Dit kan bijvoorbeeld via pumbo of schrijverspunt. Op beide sites staat heel uitgebreid beschreven hoe ze te werk gaan. Het grootste nadeel van zelf uitgeven vind ik dat je zelf de promotie moet doen. Dit kost tijd en energie. Als je het niet doet, loop je het risico dat het boek niet verder komt dan de mensen in je directe omgeving. Alleen de aanmelding bij het Centraal Boekhuis is niet genoeg. Alle aangesloten boekhandels moeten de titel van je boek kennen, anders is de kans klein dat het gekocht wordt.

Schrijverspunt doet niet alleen aan zelf uitgeven, maar fungeert ook als uitgever. De tijd die ze nodig hebben om een manuscript te beoordelen is wel een stuk korter: vier tot zes weken.

Al wachtende op reacties denk ik nog even verder…

Donkere dagen

Je hebt van die dagen. Van die dagen waarop niets loopt zoals je zou willen. Gisteren had ik zo’n dag. Het was donker buiten, het regende, ik voelde me opgesloten want als het regent, kun je natuurlijk niet naar buiten… Ik maakte mezelf gretig wijs dat als ik naar buiten had gekund, mijn humeur dan als vanzelf zou opkalefateren. Onzin natuurlijk. Maar het werkte wel. Binnen no time was ik nog chagrijniger.

Analyseren, analyseren

En dan ga ik op zoek naar verklaringen. Waarom voel ik me zo? Afgezien van de regen kon ik nog een paar redenen bedenken.
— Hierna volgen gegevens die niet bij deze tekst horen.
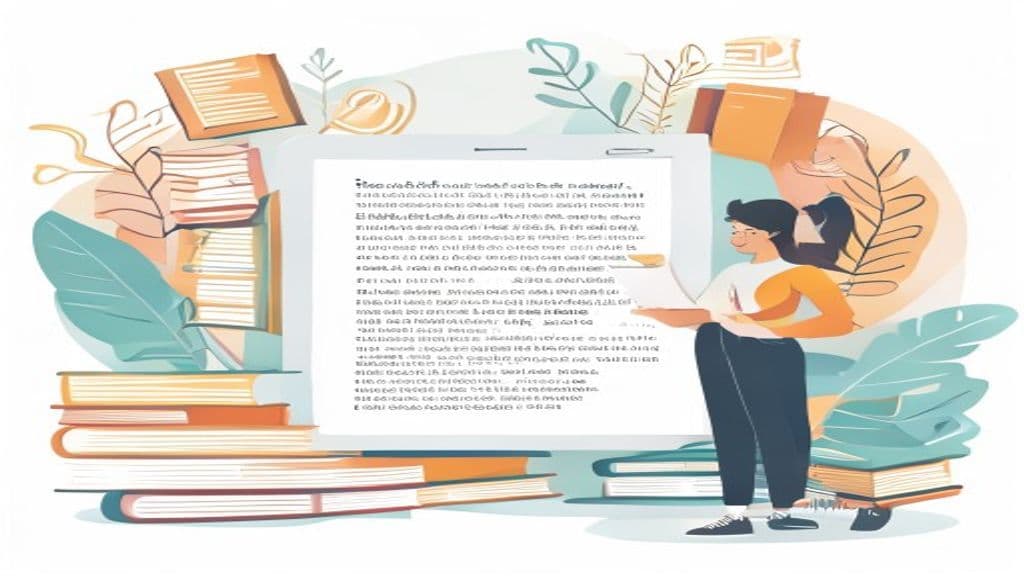 Essay Writing Assistant Student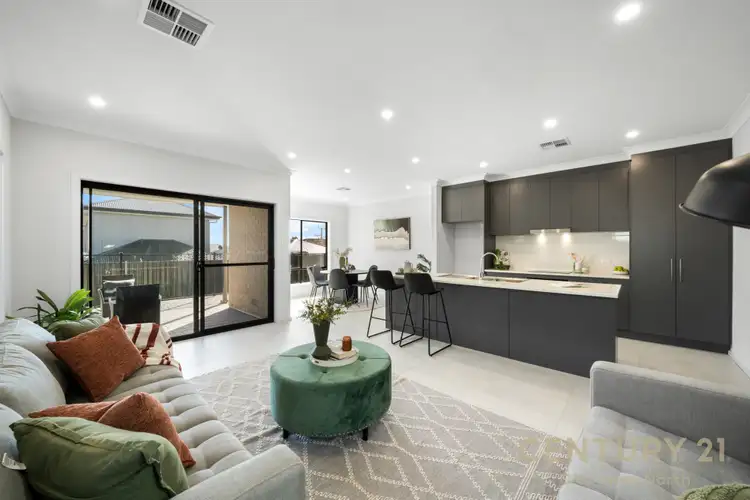 Sixth view of Homely house listing, 19 Ward Terrace, Enfield SA 5085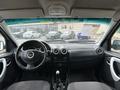 ВАЗ (Lada) Largus 2019 года за 4 950 000 тг. в Тараз – фото 18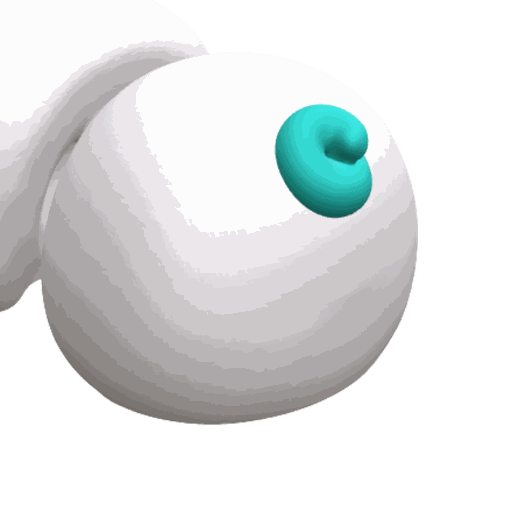 Lockig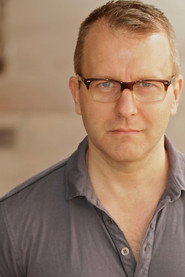 Photo of Nat DeWolf as Tate Kelly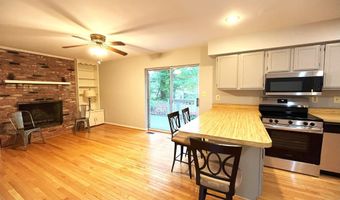 1256 CROWELL Ct, Arnold, MD 21012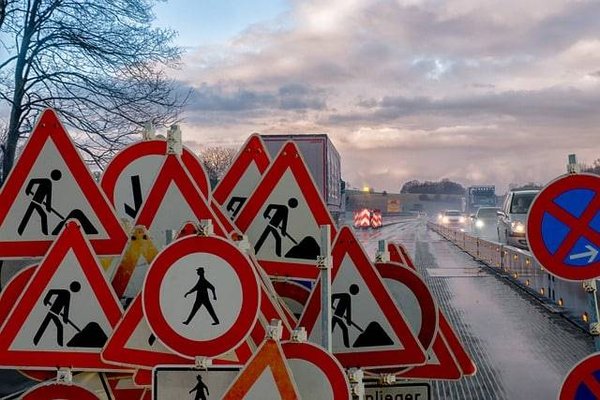 Comment se déroule une formation au code de la route ?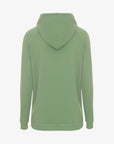 Bluza z kapturem Play
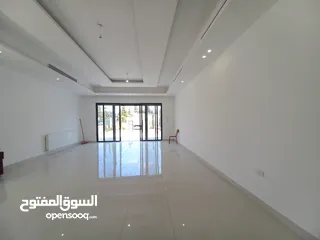  17 شقة فاخره للبيع في دير غبار  ( Property ID : 33018 )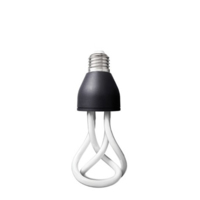 ROBUS 9WATT E27 PLUMEN CFL LAMP 435LN 2700K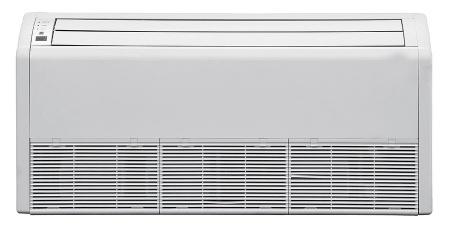 General Climate GC-G50CLAN1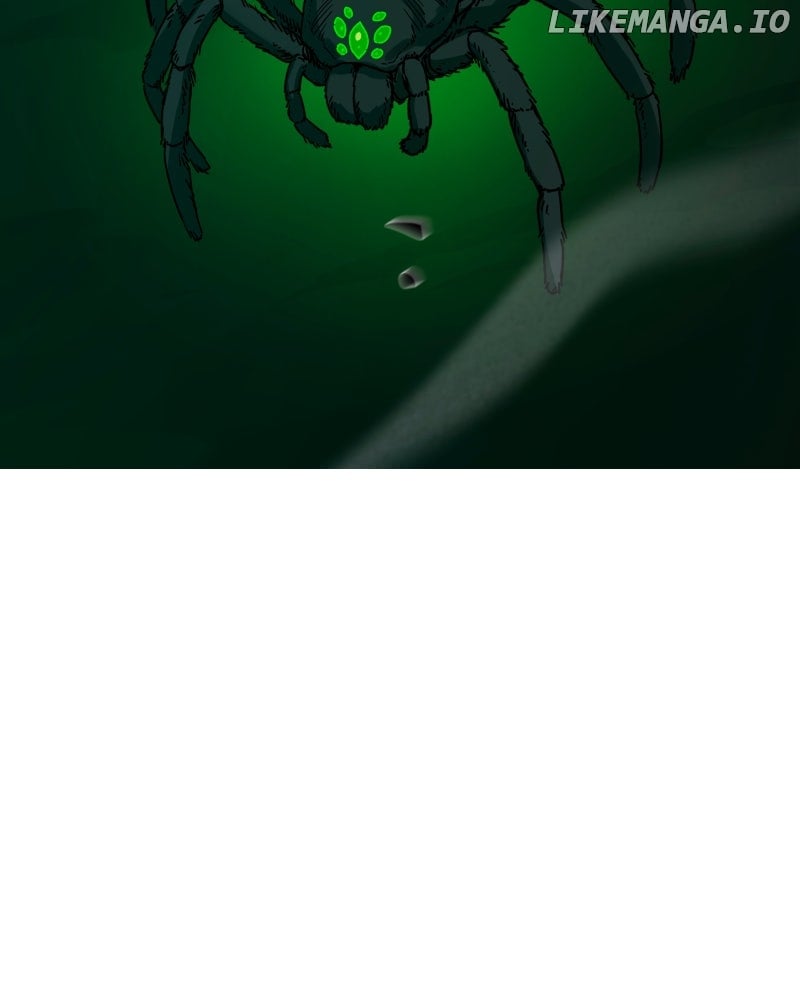 Black Sun Chapter 96 - Page 10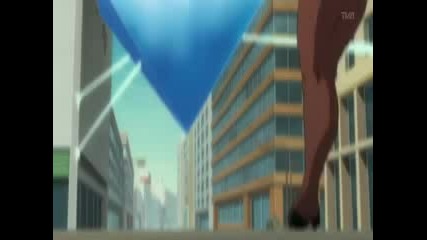 Bleach Episode 225 3/3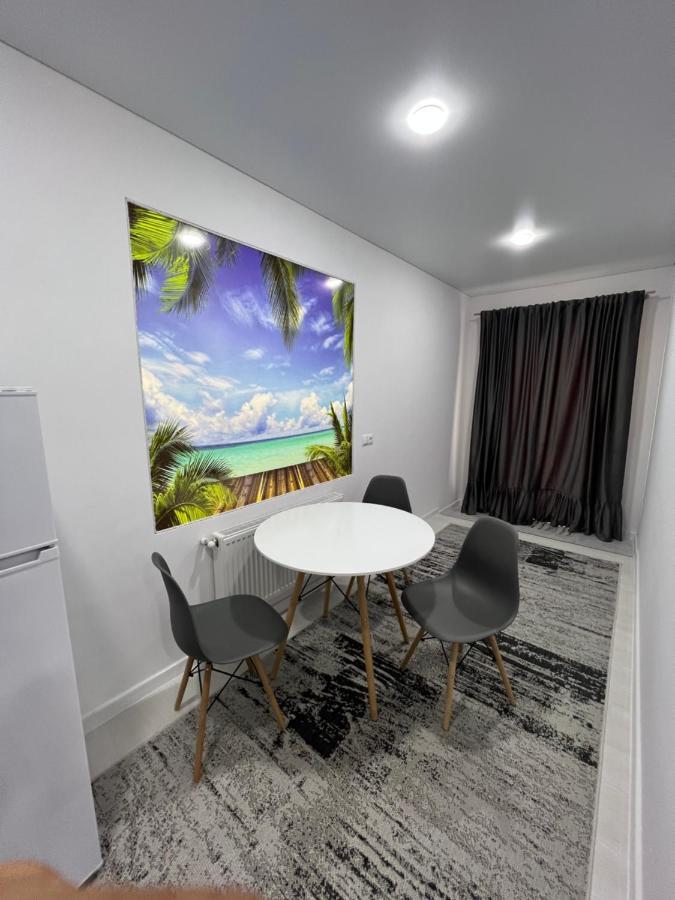 Apartament Edinet-Единец Exterior photo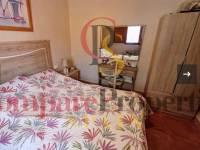 Sale - Townhouses - Oliva - 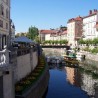 Фич смањио рејтинг Словеније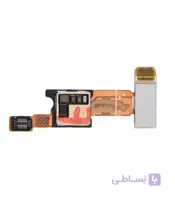 حسگر اثرانگشت شیائومی xiaomi mi 5s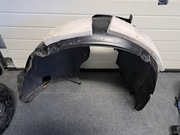 Nadkole lewe przednie lewy przód superb iii 3v0 809 957 całe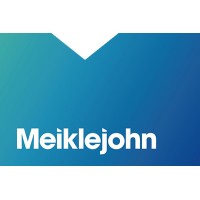 Meiklejohn Illustration logo - Similar company to Boulderlamp, Inc.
Slecht slapen. De Nieuwsuur uitzending over UWV-fraude, ING-schikking en het boek ‘mijn strijd’. Nog geen reactie van mijn meelezers. Vergeten mijn computer op te laden. Of gewoon alles bij elkaar.

Ergens weet ik wel dat, welke reden ik ook bedenk, ik geen enkele ooit met zekerheid kan aanwijzen als oorzaak, maar het idee van controle is onweerstaanbaar. Het idee dat ik kan voorkomen dat ik me nog een keer zo voel, is aangenaam en geeft moed.
Helaas: het is zoals het is. Soms kan ik iets linken aan een bepaalde situatie, en soms niet. Maar of die interpretatie klopt, blijft de vraag.

Strategie

Als ik me zo voel, kan ik me niet goed concentreren. Ik moet twee keer lezen voordat ik weet wat er staat. En dingen waarover ik moet nadenken, kan ik beter laten liggen tot de volgende dag. Zo gezegd, zo gedaan.

Lichter

Vandaag is het buiten lichter en voel ik mij ook beter. Het zou zo maar met elkaar te maken kunnen hebben. Een gebrek aan licht kan aanleiding zijn voor depressieve gevoelens, maar of die invloed meteen de eerste ochtend al zo groot is, blijft voor mij toch een vraag…

Mijn eigen writer’s block

Tijdens het schrijven van mijn boek dacht ik altijd dat ik geen last had van een writer’s block. Ik bedacht altijd wel iets waardoor ik verder kon. Dat was prettig. Schrijven was iets dat me makkelijk afging. Zeker na mijn carrière shift, was dat een welkome constatering.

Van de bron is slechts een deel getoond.